Dali wasn’t a failure – with Gala’s guidance he became hugely famous, and very rich. But of course that sort of wealth and fame attracts hangers-on, and we were given glimpsed memories of his parties. Helen Stirling-Lane morphed into a Contessa for this bit, pointing out the hollowness and emptiness of celebrity.

Dali’s was a very busy life, and there were crowds of characters in his Unconscious. We met his friend Louise, a woman who spent a lot of time as his companion and it seems was genuinely concerned for the artist’s wellbeing. Summer Tewkesbury played Louise, though she also gave us Miranda, Anna, a Butterfly, and even an Idea – (just imagine how that role is going to look on Tewksbury’s CV …)

Busy life – busy show. Director Murray Hecht gave us an imaginative rendering of Tim Coakley’s writing. As well as some very atmospheric lighting effects, there were movement sequences, using lengths of silk to twine sinuously round the dancers as they swayed and spun. One amazing episode had the characters wearing bizarrely coloured masks, angular-featured like in a cubist painting…

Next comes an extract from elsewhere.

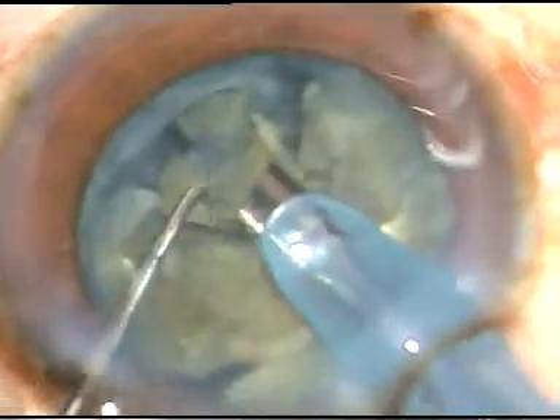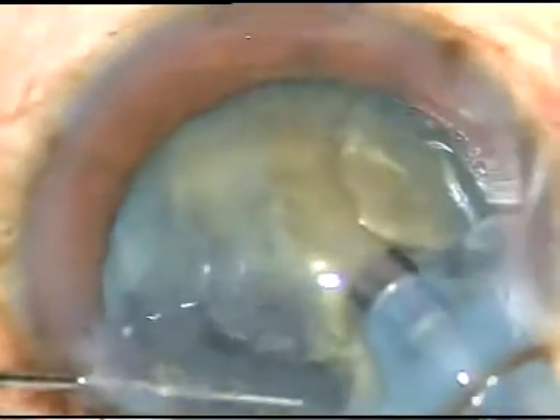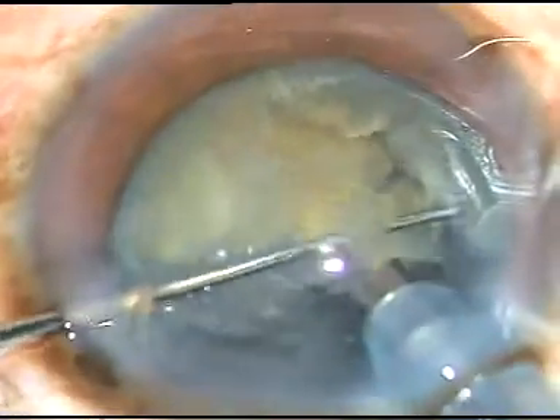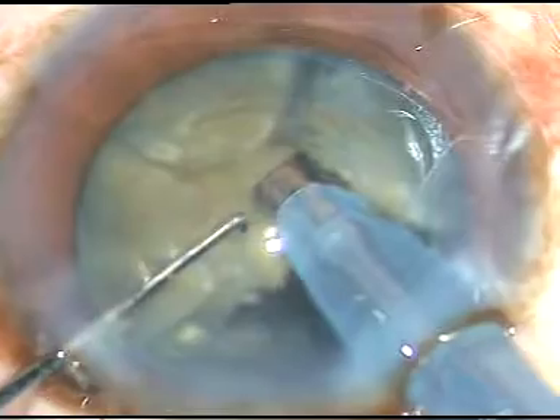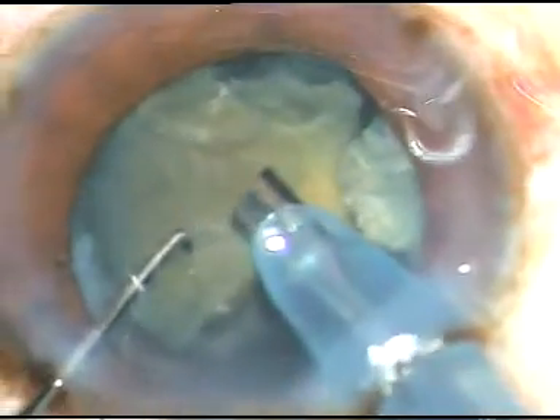At this time, the phaco power in this case is 65%, flow rate is 45 ml per minute, and vacuum is 450 mmHg. Almost half of the nucleus has been removed. Now this portion — this other half — I divide these parts again, and emulsify and take them out.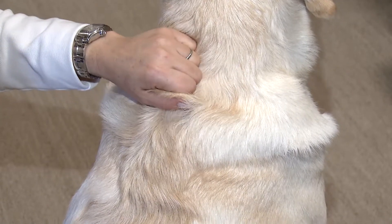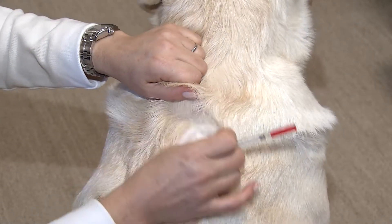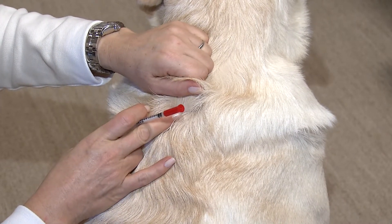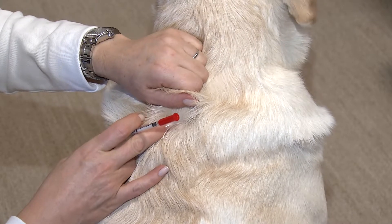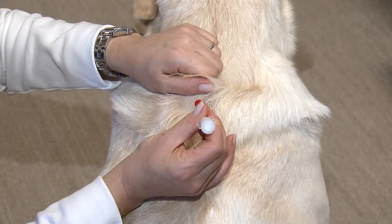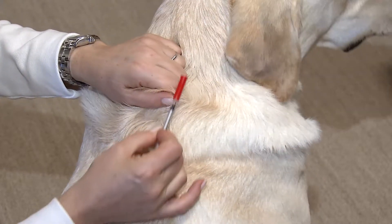When you're ready to give the insulin injection, go ahead and wipe his skin and fur with a little alcohol. That helps you to be able to visualize the skin to make sure where you're giving the injection. The angle of the needle should be approximately 45 degrees — don't go perpendicular, don't go parallel.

All the actors played multiple characters from Dali’s unconscious – we met the full gamut, from Mussolini and George Orwell to Dali’s mother and Zizi De La Zagaleta. a constantly changing parade of characters (these people are quick-change artists as well as actors)  In an unsettling scene, Hamilton Wilson became Dali’s dark Shadow, mirroring the artist’s movements as if in a large looking glass, and eventually stretching up to become taller, monstrous, while Dali himself shrank, on the other side of the glass …

There were also fleeting manifestations of Federico Garcia Lorca. The poet and the artist had been close friends – a strange combination: the left-wing poet and playwright (he was murdered by the Fascists during the Spanish Civil War) and the Monarchist, Franco-supporting Surrealist. Joshua Davey played Lorca (thankfully without the Babou pelt …)

Lorca was gay, but there’s no evidence that the two men ever had a relationship. He’s in Dali’s unconscious mind though – a very important presence. At the end, it’s he who reveals to Dali just what’s actually been going on during the show.   Something really profound, and Lorca’s contribution is crucial – but I’m not going to reveal it to you.

You’ll just have to see this surreal production for yourselves.